§ **Work required**: Restate word for word the entries below, starting at the line with "You can change" and ending at the line with "We start in". Keep both end lines and omit the pictures.
Supplied records section start
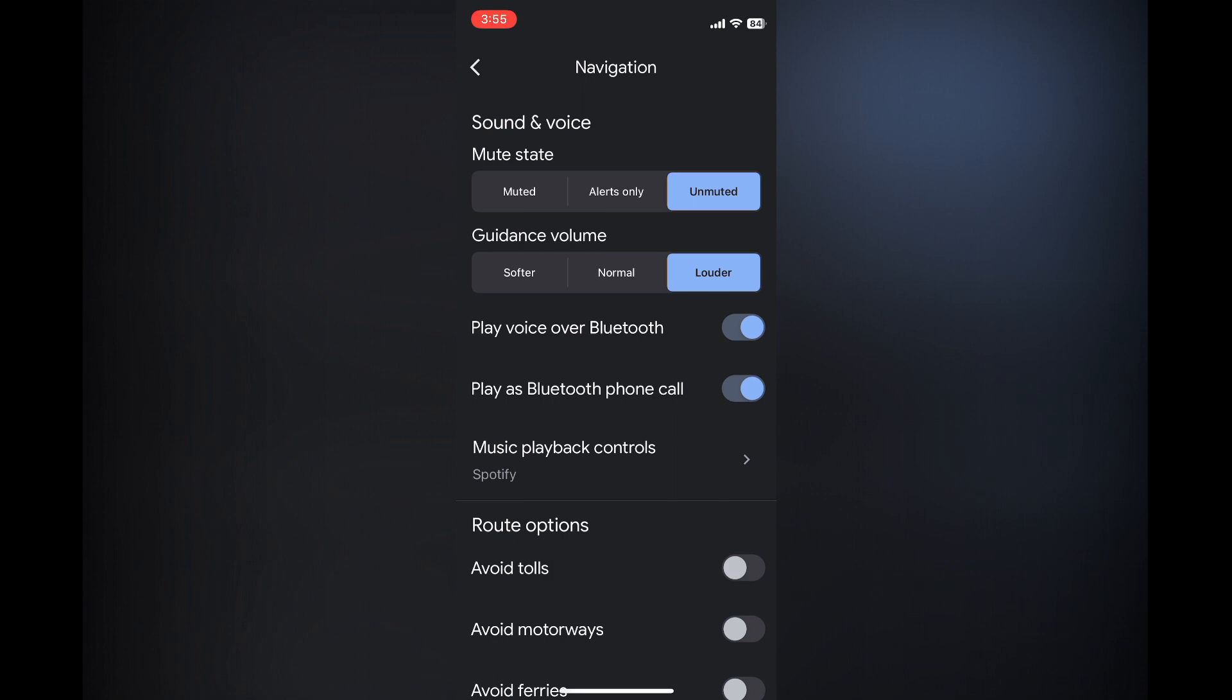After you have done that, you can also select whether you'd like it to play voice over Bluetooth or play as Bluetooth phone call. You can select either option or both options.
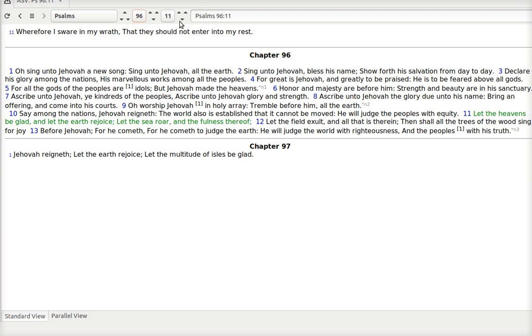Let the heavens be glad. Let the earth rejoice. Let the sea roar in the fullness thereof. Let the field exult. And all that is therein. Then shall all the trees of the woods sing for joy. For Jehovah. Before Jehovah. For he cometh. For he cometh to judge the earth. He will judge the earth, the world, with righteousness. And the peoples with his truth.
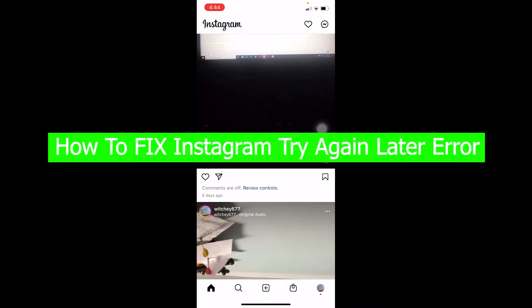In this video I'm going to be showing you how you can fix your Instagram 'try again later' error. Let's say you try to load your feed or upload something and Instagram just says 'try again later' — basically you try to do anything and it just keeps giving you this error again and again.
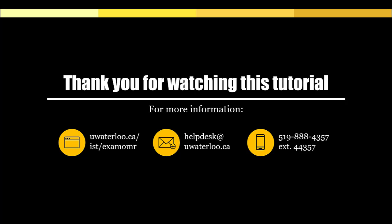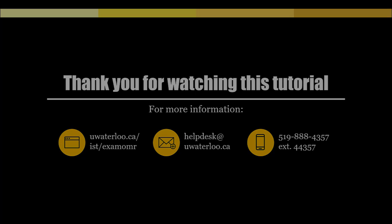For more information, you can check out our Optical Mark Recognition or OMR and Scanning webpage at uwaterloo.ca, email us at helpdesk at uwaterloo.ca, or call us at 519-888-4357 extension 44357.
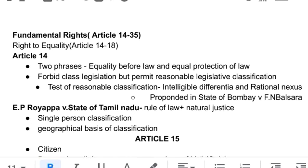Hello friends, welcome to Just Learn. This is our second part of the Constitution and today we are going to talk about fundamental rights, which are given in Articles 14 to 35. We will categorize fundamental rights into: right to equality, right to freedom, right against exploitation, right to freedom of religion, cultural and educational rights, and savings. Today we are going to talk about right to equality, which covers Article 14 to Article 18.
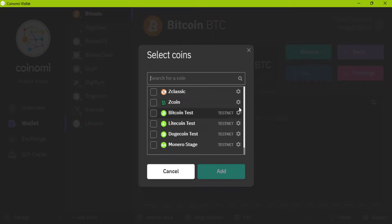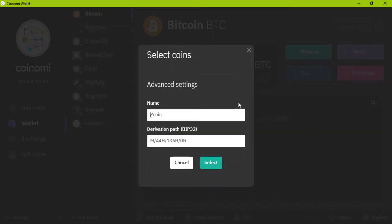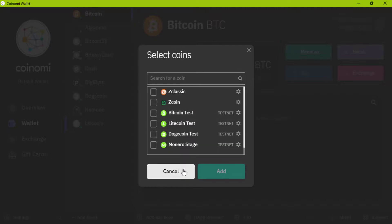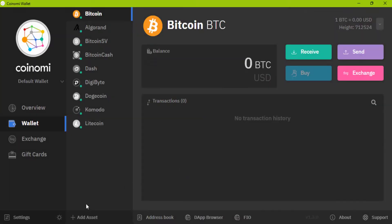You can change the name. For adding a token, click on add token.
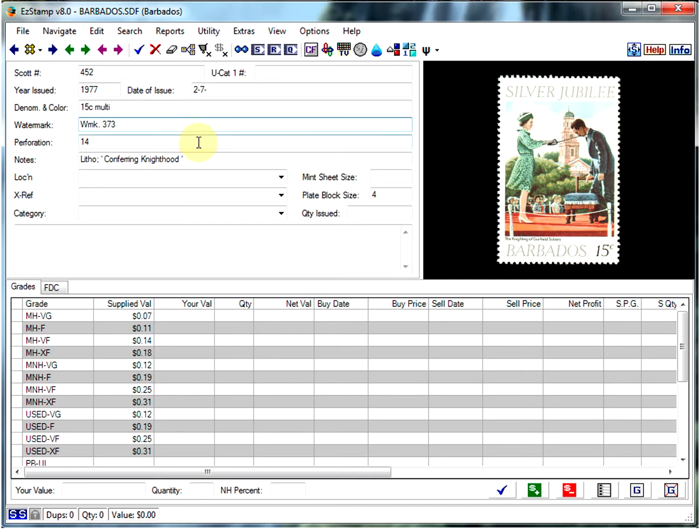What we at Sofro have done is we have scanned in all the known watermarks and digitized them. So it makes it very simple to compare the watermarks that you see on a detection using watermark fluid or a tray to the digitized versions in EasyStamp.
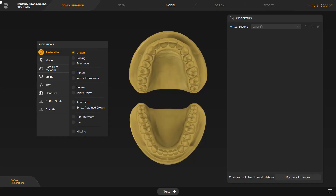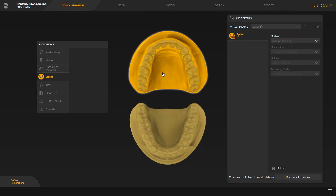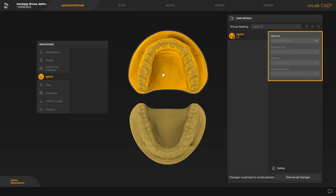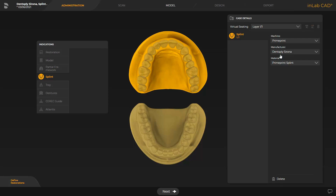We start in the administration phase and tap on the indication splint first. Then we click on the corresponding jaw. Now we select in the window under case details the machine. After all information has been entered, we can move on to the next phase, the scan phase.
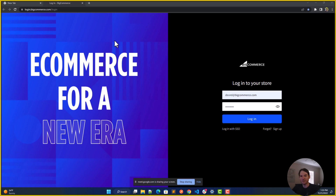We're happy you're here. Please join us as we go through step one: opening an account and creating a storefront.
Supplied records section end
§ **Solution**:
You can change the name. For adding a token, click on add token.
What we at Sofro have done is we have scanned in all the known watermarks and digitized them. So it makes it very simple to compare the watermarks that you see on a detection using watermark fluid or a tray to the digitized versions in EasyStamp.
We start in the administration phase and tap on the indication splint first. Then we click on the corresponding jaw. Now we select in the window under case details the machine. After all information has been entered, we can move on to the next phase, the scan phase.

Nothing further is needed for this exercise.